Waiblingen Kernener kämpft vor Gericht um seinen Führerschein

Symbolbild. Foto: ZVW/Gabriel Habermann

Waiblingen/Kernen/Fellbach.
Ein 35-jähriger Kernener hat sich vor dem Amtsgericht Waiblingen wegen fahrlässiger Körperverletzung verantworten müssen. Im August vergangenen Jahres hatte er einen Unfall verursacht, bei dem eine Rollerfahrerin verletzt wurde.

Mit seinem Auto war der Angeklagte Anfang August in Fellbach in den Kreisverkehr auf der Bühlstraße gefahren. Er übersah die Rollerfahrerin, die Vorfahrt hatte, und stieß mit ihr zusammen. Sie stürzte – so steht es in der Anklageschrift – mit einem Salto von ihrem Fahrzeug und erlitt dabei einen Mittelfußbruch und einen zertrümmerten Zeh.

Nach dem Unfall erhielt der gebürtige Syrer, der vor sechs Jahren nach Deutschland gekommen war, einen Strafbefehl. Zwei Monate lang solle er seinen Führerschein abgeben und ein Bußgeld von 900 Euro zahlen. Er legte Einspruch ein – zwei Monate ohne Führerschein, das gehe nicht.

Was das Ziel des Einspruchs sei, fragt Amtsrichterin Figen Basoglu-Waselzada. Kein oder zumindest ein kürzeres Fahrverbot zu erreichen, antwortet der Verteidiger. „Es ist fast existenzbedrohend, wenn er keinen Führerschein mehr hat.“ Denn der 35-Jährige arbeitet als Autohändler in Fellbach. Er dürfe ohne Führerschein ja nicht einmal die Autos in seiner Firma bewegen.

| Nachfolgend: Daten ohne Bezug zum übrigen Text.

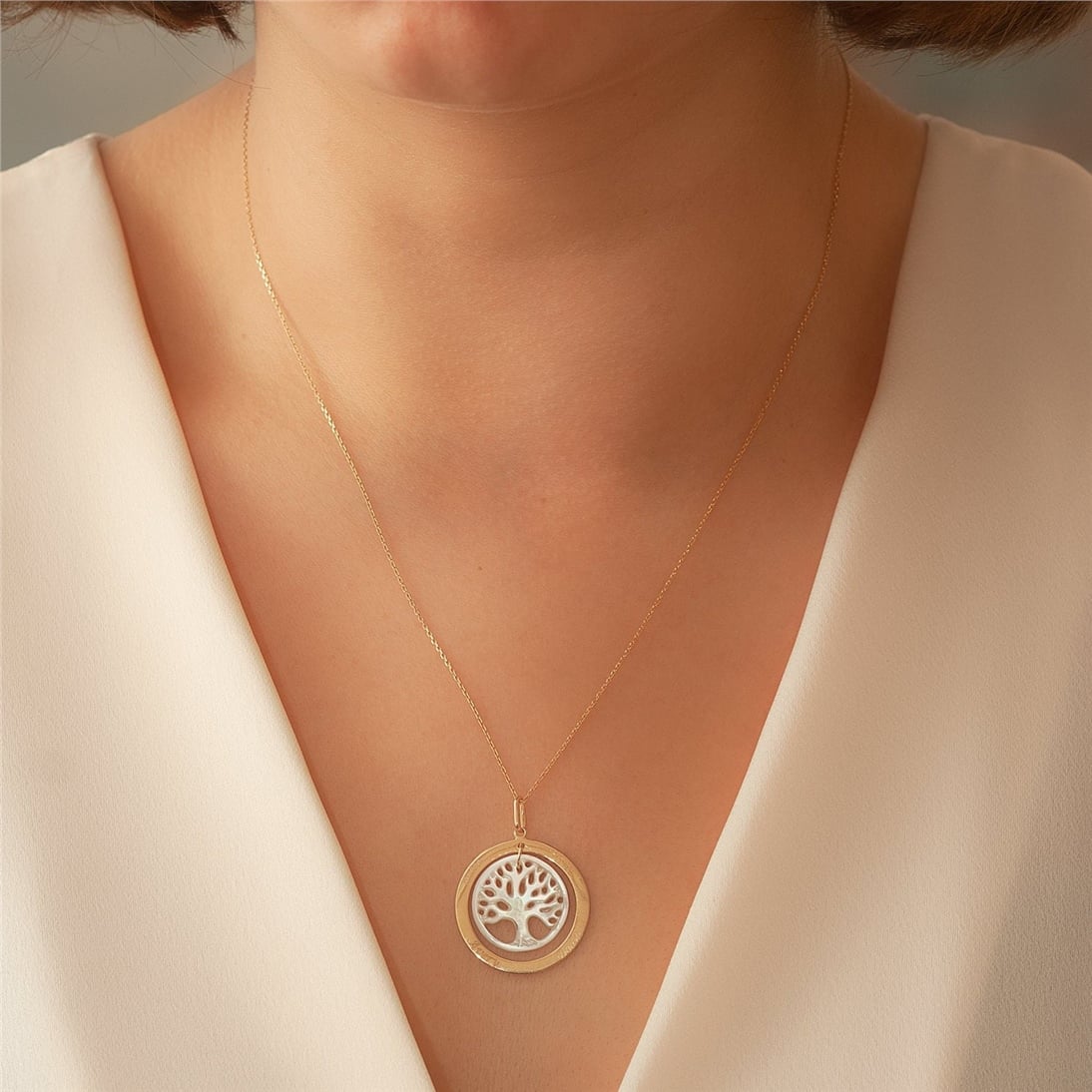 Solid Gold Tree of Life Necklace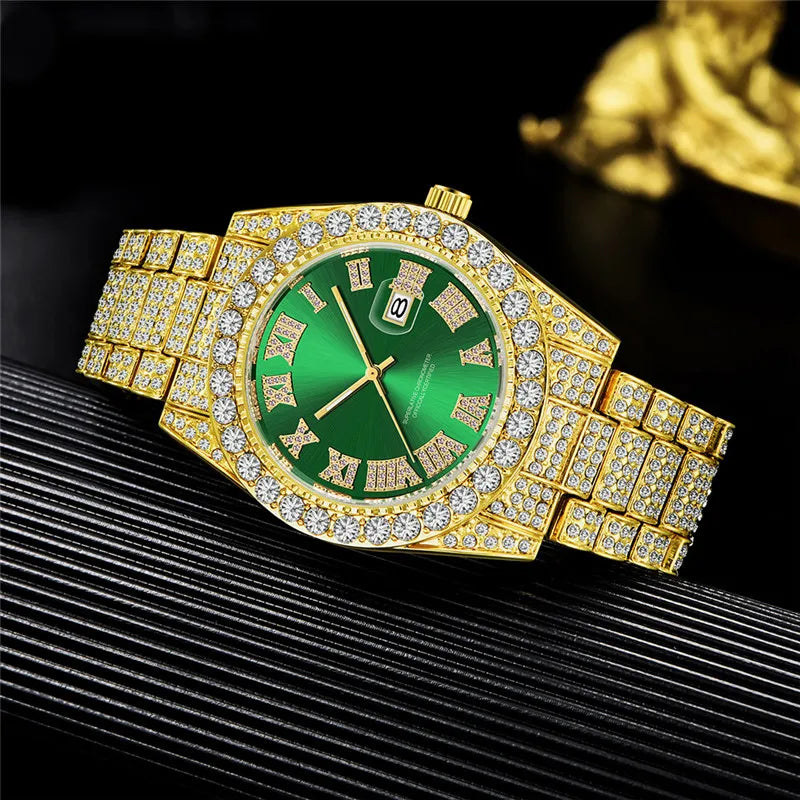 Original Men Brand 3582 Luxury Golden Watches Hip Hop Full Diamond Date Gifts Quartz Wristwatch Montres de Marque de Luxe 2024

„Das ist die einzige Einnahmequelle“

In den Monaten rund um den islamischen Fastenmonat Ramadan, der in diesem Jahr am 24. April beginnt, verkaufe der 35-Jährige außerdem Datteln, die er zu Veranstaltungen transportieren müsse. Wenn er zwei Monate keinen Führerschein habe, könne er keine seiner Arbeiten ausüben, argumentiert sein Verteidiger: „Das ist die einzige Einnahmequelle der Familie.“ Die Frau des Angeklagten kümmere sich um die zwei kleinen Kinder.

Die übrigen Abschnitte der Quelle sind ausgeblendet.